Aussi naturellement, nous avons décidé de créer une agence a peine sortis d’école. 

Lorsque l’on est jeune diplômé à la tête d’une agence tout aussi jeune, à quelle commande a-t-on accès ?

Normalement, assez restreinte ! Mais nous avons eu la chance de pouvoir nous associer souvent avec l’agence de Royan qui a tout de suite bien voulu nous « prêter » certaines références. Je me souviens bien de notre premier projet : il s’agissait de l’extension d’un cimetière situé au pied de l’Abbaye classée de Sablonceaux, datant du XIIème siècle. 

Petit à petit, nous avons acquis une certaine légitimité et l’accès à la commande s’est ouvert. Plus proches, plus conséquents, les projets ont gagné en taille et en importance : maison de santé à Jarnac (16), complexe municipal avec cinéma en Charente-Maritime… D’abord à trois associés, et petit à petit les premiers collaborateurs sont arrivés. 

Travaillez-vous plus en maîtrise d’ouvrage publique ou privée ? 

Les projets et nos rencontres nous ont conduit à exercer beaucoup pour le compte de promoteurs immobiliers. Est-ce que c’est un choix ? Je ne crois pas. Les choses se sont faites ainsi.

Et puis en 2020 nous avons remporté le concours des Albums des jeunes architectes et paysagistes (AJAP). Nous avons alors décidé de mettre l’accent sur les projets de logements collectifs. La suite est une adéquation entre ce que nous étions, de jeunes architectes attestant d’une certaine expérience, et la volonté de certains maîtres d’ouvrage d’apporter un souffle nouveau sur leur production. 

Adieu donc la commande publique ?

Non.
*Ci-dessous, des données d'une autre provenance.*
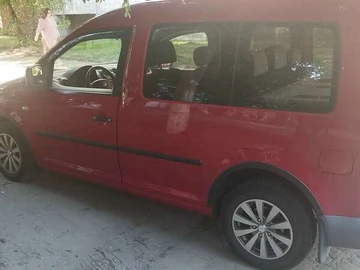 Авто Volkswagen Caddy 2010 № 8007866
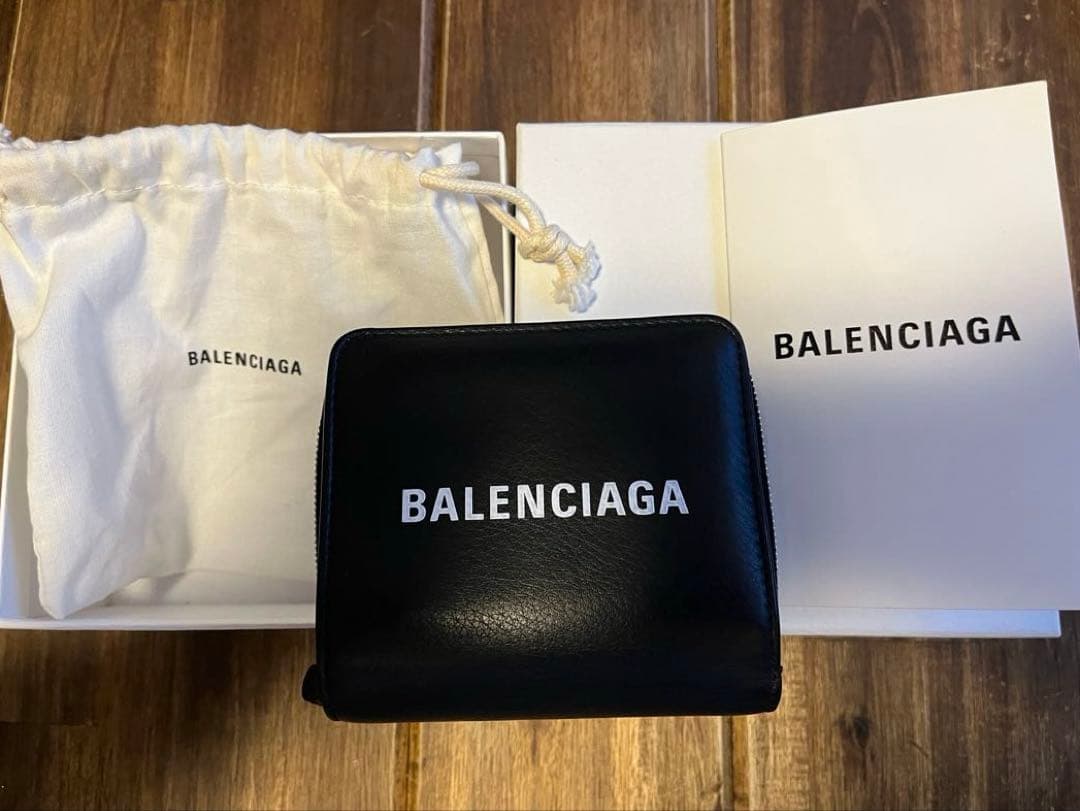 【美品】BALENCIAGA 二つ折り財布※保証書他付属品付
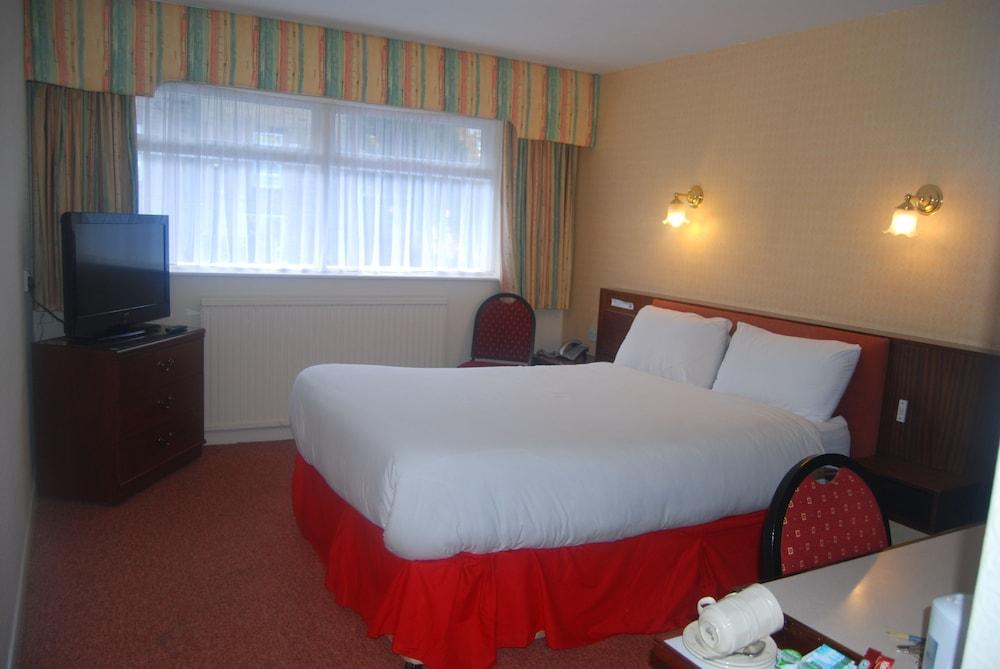 The Brecon Hotel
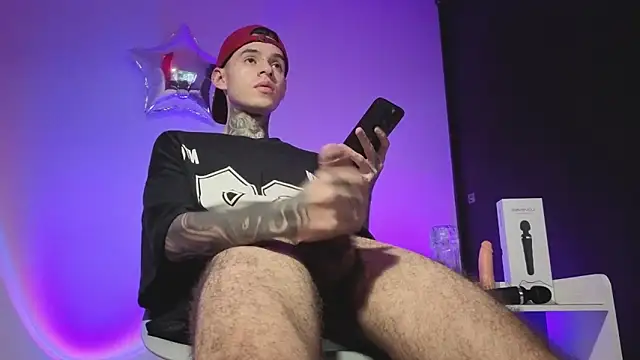 Saturno v online show from September 14, 2025, 5:19 am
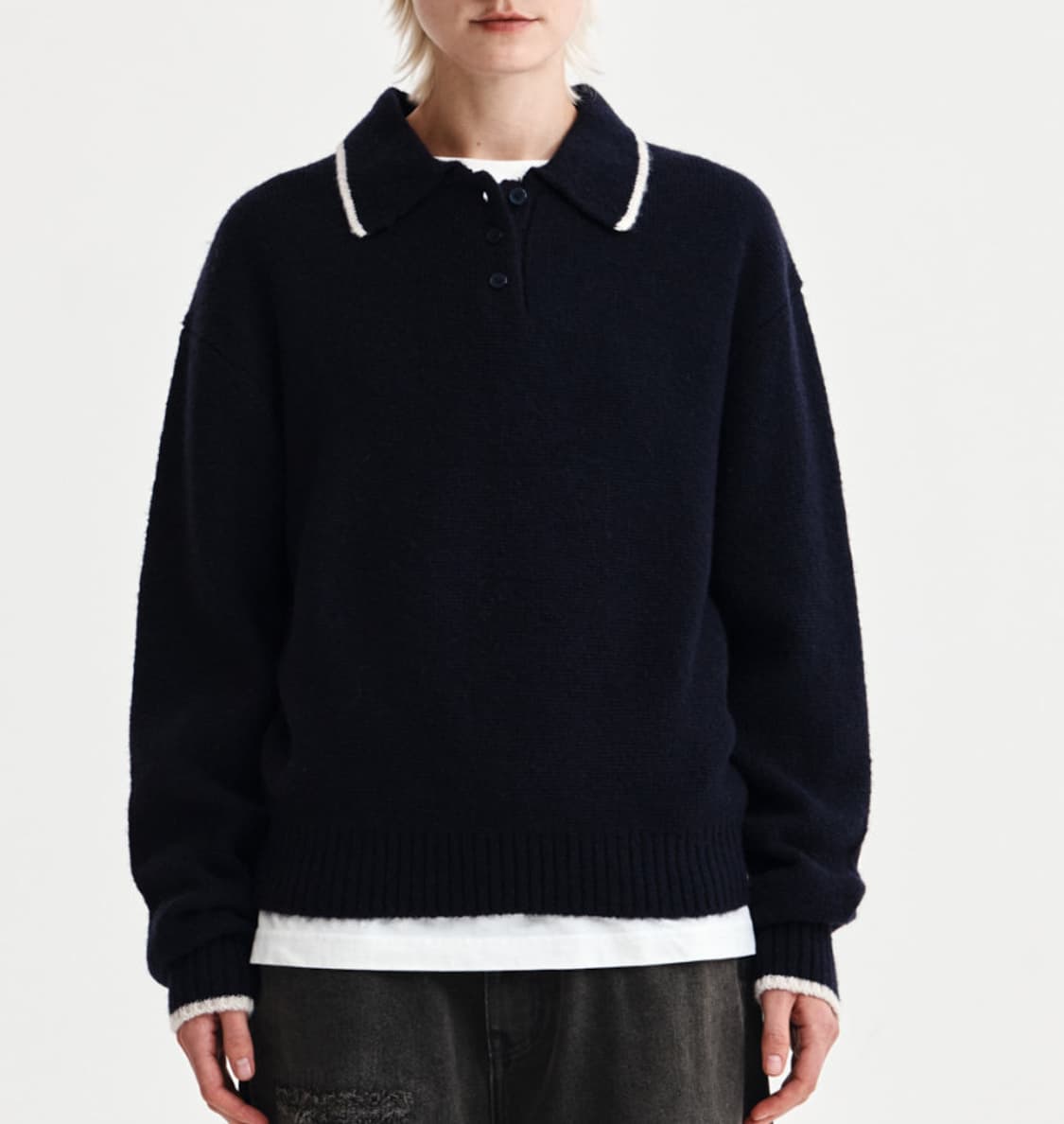 우먼) 마뗑킴 백로고 니트 풀오버 네이비 상품이미지2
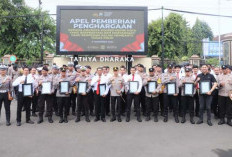 Kapolres Kediri Kota Berikan Penghargaan kepada 53 Personel Berprestasi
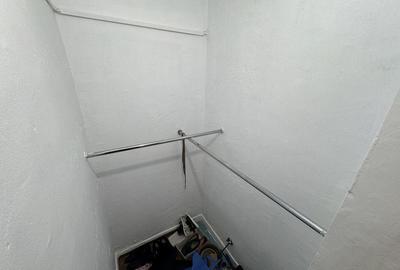 Apartament cu 3 camere semidecomandat, mobilat în Inel II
Aujourd’hui nous nous essayons à l’exercice délicat du concours. C’est un sujet qui nous occupe : comment revenir à la maîtrise d’ouvrage publique ?

Avez-vous envie de construire autre chose que des logements ? 

Nous aimerions bien nous essayer à d’autres typologies d’acteurs, de problématiques… J’aimerais beaucoup faire du scolaire et du culturel. 

Vous êtes espagnol. Deux modèles d’urbanisme se distinguent entre le modèle français, très pavillonnaire et qui n'a pas le vent en poupe, et le modèle espagnol, plus urbain, plus en appartements. Lequel vous parle le plus ? 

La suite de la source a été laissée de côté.